[Data entries]
'''

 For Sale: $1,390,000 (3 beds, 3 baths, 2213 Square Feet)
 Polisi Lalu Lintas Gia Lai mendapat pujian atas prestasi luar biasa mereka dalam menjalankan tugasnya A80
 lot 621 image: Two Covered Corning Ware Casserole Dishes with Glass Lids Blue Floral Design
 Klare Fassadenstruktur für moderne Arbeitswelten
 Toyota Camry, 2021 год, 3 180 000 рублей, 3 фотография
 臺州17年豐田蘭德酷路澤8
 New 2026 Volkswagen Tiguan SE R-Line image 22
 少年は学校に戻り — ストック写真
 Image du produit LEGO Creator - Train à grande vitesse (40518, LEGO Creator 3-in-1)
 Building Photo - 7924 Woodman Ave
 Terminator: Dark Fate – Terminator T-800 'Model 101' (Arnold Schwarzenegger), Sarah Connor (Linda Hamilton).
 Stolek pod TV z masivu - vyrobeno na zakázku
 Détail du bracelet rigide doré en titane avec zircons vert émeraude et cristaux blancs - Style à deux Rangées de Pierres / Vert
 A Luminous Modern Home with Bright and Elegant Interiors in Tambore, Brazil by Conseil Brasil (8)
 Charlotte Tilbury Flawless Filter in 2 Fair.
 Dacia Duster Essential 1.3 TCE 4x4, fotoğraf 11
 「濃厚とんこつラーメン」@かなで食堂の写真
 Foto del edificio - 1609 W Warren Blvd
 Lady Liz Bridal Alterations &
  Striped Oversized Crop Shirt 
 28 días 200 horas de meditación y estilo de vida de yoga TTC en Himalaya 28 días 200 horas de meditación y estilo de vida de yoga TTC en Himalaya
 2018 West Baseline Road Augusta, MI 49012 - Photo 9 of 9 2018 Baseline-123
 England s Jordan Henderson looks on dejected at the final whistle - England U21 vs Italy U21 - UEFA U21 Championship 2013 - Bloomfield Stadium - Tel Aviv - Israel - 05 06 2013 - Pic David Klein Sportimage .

'''

TASK TO COMPLETE. Exact copies of the lines from the one containing "Foto del edificio - 1609 W Warren Blvd" through the final line of the records are all the answer should hold.

EXERCISE OUTPUT.
 Foto del edificio - 1609 W Warren Blvd
 Lady Liz Bridal Alterations &
  Striped Oversized Crop Shirt 
 28 días 200 horas de meditación y estilo de vida de yoga TTC en Himalaya 28 días 200 horas de meditación y estilo de vida de yoga TTC en Himalaya
 2018 West Baseline Road Augusta, MI 49012 - Photo 9 of 9 2018 Baseline-123
 England s Jordan Henderson looks on dejected at the final whistle - England U21 vs Italy U21 - UEFA U21 Championship 2013 - Bloomfield Stadium - Tel Aviv - Israel - 05 06 2013 - Pic David Klein Sportimage .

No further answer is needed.